A final agreement over the GERD between Egypt, Sudan, and Ethiopia is supposed to be reached by the end of February.
Pompeo met on Tuesday with Ethiopia’s Prime Minister Abiy Ahmed and the Chairperson of the African Union Commission Moussa Faki Mahamat.
He said that he discussed with Ahmed “expanding the US-Ethiopia partnership.
“I emphasised the importance of free and fair elections in 2020 and our deep appreciation for Ethiopia’s leadership to ensure peace and stability in the Horn of Africa,” he added.
Ethiopia is the last stop on Pompeo’s tour of Africa, which included Senegal and Angola.
Last week, the ministers of Egypt, Ethiopia, and Sudan and their delegations met in Washington with the US Secretary of Treasury and the President of the World Bank -who are participating as observers- to continue negotiations on the filling and operation of the GERD.
The minister reviewed the progress achieved by their technical and legal teams and continued their discussions on the remaining issues necessary for a final agreement, according to a joint statement.

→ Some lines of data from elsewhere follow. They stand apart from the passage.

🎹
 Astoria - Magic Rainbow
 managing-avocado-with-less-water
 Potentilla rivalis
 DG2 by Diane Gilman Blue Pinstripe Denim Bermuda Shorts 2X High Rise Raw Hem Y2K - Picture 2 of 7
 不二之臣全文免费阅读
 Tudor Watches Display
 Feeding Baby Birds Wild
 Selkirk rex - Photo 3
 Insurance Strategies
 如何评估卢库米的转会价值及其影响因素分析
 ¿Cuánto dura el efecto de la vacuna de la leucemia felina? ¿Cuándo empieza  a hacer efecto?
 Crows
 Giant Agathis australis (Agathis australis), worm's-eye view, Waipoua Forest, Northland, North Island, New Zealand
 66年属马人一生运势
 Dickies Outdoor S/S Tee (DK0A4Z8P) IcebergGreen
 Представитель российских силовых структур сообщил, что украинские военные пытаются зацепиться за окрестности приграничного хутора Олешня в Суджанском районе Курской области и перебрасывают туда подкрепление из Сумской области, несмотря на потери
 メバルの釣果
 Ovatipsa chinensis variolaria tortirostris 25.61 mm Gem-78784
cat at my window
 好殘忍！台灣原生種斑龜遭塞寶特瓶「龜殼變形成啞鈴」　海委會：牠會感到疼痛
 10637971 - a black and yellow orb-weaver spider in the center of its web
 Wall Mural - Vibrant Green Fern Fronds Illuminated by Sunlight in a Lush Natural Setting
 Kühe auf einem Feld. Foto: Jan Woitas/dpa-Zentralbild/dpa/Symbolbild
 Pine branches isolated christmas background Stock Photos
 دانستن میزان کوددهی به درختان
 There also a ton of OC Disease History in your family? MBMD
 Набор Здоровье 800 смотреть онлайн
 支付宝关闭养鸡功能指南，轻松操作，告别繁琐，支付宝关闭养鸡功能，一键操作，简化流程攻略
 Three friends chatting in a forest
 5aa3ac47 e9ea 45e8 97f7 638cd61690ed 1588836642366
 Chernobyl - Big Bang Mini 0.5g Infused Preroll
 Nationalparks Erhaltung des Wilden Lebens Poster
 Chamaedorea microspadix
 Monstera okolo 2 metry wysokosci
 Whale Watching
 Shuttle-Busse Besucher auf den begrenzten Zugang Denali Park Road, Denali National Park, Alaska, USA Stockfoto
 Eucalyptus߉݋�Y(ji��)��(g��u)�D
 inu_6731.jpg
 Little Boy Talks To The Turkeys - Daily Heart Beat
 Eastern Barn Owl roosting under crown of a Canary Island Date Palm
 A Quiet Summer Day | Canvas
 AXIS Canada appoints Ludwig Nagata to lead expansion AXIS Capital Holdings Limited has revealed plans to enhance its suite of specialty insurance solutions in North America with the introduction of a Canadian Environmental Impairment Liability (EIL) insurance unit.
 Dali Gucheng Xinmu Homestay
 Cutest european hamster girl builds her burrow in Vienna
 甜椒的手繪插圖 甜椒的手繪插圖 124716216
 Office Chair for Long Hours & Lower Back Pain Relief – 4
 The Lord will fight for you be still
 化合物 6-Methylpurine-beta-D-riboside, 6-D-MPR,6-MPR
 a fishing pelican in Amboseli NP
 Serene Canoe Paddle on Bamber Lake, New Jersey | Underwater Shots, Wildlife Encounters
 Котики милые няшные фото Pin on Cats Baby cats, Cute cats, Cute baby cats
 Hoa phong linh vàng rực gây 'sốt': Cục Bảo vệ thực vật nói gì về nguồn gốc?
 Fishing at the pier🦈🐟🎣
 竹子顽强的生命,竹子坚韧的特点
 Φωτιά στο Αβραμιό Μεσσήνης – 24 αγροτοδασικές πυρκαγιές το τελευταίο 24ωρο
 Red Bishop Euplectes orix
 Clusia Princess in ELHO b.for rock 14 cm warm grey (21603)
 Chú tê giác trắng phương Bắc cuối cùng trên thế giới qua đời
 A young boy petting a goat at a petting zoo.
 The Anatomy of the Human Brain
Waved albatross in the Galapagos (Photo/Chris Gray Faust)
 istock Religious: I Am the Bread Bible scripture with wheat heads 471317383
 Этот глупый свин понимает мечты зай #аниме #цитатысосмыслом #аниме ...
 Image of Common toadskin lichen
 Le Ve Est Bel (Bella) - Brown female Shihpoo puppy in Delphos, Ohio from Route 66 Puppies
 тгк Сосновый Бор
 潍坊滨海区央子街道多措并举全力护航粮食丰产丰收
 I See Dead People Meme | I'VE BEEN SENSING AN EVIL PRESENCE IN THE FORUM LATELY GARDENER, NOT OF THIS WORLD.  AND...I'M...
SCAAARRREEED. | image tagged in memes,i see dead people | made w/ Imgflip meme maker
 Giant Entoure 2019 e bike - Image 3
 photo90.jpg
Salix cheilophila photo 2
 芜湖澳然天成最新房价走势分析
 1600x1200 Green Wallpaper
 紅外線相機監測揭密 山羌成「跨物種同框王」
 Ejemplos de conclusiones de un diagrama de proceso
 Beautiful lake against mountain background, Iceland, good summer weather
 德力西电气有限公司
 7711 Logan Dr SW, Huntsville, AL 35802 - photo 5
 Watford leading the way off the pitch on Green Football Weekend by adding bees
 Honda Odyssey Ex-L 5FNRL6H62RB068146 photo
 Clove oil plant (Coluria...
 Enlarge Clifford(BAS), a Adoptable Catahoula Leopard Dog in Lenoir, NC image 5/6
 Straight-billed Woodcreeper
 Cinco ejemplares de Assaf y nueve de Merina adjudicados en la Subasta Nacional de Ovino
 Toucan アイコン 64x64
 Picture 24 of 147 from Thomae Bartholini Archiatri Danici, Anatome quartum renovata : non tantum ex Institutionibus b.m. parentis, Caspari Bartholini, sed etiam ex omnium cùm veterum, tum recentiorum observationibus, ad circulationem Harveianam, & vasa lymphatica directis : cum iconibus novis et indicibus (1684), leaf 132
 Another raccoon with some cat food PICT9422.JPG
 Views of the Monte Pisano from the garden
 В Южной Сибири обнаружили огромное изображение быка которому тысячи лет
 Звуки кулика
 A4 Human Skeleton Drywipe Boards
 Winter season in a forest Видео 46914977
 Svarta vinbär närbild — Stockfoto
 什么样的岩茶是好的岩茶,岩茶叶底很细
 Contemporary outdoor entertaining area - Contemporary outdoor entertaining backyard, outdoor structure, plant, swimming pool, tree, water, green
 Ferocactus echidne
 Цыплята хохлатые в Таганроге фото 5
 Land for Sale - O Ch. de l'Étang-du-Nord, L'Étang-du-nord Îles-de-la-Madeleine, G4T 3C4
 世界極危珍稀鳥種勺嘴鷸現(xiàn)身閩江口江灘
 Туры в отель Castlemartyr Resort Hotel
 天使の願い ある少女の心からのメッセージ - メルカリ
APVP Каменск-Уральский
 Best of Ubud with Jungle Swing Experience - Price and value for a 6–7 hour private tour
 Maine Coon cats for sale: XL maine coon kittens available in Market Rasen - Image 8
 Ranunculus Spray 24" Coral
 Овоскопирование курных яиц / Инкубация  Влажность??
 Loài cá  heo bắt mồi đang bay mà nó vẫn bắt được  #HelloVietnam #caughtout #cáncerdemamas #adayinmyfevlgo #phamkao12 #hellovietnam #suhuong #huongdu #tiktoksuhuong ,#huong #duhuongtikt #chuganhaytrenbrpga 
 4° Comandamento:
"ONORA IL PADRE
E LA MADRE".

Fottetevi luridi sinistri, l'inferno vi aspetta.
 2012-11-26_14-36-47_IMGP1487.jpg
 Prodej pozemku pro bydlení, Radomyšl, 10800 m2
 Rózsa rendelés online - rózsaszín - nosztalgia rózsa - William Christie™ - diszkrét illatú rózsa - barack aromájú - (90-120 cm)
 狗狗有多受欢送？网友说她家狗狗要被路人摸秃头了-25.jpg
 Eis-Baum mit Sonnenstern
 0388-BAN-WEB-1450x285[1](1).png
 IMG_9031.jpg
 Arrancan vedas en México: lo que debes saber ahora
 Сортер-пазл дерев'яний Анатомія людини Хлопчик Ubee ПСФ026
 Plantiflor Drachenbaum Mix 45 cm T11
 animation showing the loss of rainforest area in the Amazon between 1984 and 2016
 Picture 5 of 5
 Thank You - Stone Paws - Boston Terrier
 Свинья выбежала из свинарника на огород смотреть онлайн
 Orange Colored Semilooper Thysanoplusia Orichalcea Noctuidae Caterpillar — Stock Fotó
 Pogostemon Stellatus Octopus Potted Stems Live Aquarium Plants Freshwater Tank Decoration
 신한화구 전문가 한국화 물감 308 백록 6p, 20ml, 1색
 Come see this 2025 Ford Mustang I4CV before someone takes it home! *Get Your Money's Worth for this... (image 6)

The US Department of Treasury and the World Bank will participate in drafting the final agreement to present to Egypt, Sudan, and Ethiopia during the upcoming days for signing scheduled for the end of February, Egyptian Foreign Ministry said following the meeting.
Egypt sought international meditation after talks with Ethiopia reached a “deadlock” in October 2019.
In November, Egypt, Ethiopia, and Sudan agreed to continue talks over the disputed GERD and to reach a deal by 15 January 2020, but no deal has been reached yet.
Egypt depends on the Nile for more than 70% of its water supply for drinking, industry, and agriculture, and is concerned that the GERD will imperil its share of Nile water and cause “harm” to its people.
The dispute between Egypt and Ethiopia is concentrated on the period of filling the GERD’s reservoir.
Ethiopia seeks to make the GERD, which costs $4.7bn, the largest hydropower project in Africa. The dam, of which 70% has already been established, is expected to generate more than 6,000MW of electricity by 2021.